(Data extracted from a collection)
━━━━━━━━━━━━━━━━━━━━

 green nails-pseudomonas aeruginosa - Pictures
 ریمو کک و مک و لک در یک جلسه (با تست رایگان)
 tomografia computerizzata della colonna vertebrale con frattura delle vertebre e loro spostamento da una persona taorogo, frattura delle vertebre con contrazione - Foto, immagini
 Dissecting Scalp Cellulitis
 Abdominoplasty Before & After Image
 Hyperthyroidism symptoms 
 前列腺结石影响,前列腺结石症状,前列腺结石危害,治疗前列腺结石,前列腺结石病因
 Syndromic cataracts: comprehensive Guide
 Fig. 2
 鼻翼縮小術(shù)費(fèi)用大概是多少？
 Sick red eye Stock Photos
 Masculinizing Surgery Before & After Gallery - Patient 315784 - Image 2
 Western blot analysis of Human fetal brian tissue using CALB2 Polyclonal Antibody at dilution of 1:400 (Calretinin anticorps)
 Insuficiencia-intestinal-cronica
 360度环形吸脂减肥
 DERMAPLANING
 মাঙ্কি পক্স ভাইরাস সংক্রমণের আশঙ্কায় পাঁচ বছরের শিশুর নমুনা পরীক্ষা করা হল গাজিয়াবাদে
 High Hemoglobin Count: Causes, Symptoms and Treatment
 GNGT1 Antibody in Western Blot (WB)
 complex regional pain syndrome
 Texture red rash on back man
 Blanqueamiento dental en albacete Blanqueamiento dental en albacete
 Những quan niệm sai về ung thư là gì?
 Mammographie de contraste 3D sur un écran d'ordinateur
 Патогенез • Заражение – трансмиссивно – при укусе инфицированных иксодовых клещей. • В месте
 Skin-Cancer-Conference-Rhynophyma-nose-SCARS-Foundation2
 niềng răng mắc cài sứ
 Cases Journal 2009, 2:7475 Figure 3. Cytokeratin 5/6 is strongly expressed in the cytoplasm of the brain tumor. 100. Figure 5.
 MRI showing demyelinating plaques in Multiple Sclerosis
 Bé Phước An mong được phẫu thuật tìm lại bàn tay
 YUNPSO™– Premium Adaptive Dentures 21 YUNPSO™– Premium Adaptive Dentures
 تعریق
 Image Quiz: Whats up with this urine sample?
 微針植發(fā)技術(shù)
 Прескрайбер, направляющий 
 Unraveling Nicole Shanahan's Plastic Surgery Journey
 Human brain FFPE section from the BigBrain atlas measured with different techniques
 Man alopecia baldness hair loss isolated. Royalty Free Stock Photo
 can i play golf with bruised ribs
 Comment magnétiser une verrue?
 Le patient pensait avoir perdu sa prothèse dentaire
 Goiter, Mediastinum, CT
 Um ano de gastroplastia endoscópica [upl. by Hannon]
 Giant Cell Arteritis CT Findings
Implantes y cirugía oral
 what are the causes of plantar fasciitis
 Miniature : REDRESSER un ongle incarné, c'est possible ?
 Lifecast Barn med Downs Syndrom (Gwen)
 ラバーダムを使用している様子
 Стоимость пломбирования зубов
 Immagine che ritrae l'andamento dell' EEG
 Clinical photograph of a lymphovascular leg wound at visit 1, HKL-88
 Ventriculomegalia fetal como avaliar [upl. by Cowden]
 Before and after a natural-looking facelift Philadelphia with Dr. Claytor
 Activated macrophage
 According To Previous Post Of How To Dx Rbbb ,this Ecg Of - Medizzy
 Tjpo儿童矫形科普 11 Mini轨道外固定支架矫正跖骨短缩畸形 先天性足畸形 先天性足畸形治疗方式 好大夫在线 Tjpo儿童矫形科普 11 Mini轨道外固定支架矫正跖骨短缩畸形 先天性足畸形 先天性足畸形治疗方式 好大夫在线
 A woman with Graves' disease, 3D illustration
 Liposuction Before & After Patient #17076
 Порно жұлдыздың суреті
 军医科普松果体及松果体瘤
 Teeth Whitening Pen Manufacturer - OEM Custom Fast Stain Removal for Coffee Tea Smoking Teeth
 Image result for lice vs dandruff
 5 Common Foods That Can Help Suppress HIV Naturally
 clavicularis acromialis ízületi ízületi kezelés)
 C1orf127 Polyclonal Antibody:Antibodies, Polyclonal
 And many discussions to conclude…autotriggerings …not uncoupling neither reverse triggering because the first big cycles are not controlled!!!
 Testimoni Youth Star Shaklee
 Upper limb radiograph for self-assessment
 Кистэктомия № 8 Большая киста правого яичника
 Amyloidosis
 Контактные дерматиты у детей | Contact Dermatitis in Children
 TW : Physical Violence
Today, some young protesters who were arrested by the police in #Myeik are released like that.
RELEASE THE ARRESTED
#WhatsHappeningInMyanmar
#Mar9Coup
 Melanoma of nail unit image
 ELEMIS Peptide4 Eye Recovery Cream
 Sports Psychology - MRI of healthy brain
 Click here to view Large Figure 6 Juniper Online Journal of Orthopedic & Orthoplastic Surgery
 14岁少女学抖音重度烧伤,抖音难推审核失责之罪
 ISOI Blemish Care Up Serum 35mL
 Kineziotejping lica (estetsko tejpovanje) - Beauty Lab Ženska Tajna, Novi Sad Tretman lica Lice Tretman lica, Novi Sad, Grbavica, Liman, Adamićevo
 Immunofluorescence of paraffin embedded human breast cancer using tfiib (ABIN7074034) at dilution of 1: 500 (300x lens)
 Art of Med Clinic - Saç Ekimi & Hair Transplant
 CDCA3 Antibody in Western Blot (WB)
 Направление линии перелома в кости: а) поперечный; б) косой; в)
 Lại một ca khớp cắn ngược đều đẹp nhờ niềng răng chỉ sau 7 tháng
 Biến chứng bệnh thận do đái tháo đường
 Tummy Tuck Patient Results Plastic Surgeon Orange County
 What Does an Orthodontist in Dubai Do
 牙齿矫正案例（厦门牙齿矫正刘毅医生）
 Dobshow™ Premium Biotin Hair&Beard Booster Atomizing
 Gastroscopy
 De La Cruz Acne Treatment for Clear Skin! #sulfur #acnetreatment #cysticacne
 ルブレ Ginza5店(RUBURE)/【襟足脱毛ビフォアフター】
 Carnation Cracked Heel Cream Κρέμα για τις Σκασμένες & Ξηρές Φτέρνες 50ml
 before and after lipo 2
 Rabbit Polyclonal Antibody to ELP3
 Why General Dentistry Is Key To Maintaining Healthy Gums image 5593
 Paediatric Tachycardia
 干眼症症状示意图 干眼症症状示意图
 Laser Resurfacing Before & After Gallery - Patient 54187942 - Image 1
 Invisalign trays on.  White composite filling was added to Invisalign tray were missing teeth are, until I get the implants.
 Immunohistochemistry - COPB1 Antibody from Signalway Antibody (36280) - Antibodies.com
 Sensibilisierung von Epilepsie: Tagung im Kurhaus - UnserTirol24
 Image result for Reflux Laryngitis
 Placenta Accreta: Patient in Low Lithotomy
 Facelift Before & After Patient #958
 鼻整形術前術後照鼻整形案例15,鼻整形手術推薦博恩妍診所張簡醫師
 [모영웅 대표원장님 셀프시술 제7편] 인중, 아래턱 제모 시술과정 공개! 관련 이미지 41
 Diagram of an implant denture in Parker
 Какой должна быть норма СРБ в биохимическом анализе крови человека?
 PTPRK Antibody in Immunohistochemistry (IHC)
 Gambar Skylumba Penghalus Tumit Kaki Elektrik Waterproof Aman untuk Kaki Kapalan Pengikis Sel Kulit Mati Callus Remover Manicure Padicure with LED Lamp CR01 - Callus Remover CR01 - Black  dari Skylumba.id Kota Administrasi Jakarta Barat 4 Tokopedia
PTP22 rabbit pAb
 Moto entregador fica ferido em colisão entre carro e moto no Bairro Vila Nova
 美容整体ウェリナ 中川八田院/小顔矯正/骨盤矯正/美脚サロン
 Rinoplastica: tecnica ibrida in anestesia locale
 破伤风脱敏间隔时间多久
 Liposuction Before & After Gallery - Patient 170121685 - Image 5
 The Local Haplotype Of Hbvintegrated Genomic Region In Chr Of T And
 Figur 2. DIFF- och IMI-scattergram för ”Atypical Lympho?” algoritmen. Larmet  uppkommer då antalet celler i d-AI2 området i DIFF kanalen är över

━━━━━━━━━━━━━━━━━━━━

- **The problem**
Begin at the line above that has "High Hemoglobin Count: Causes, Symptoms" and stop after the line that has "Skin-Cancer-Conference-Rhynophyma-nose-SCARS-Foundation2", copying each line exactly and adding nothing else.

- **Answer space**
 High Hemoglobin Count: Causes, Symptoms and Treatment
 GNGT1 Antibody in Western Blot (WB)
 complex regional pain syndrome
 Texture red rash on back man
 Blanqueamiento dental en albacete Blanqueamiento dental en albacete
 Những quan niệm sai về ung thư là gì?
 Mammographie de contraste 3D sur un écran d'ordinateur
 Патогенез • Заражение – трансмиссивно – при укусе инфицированных иксодовых клещей. • В месте
 Skin-Cancer-Conference-Rhynophyma-nose-SCARS-Foundation2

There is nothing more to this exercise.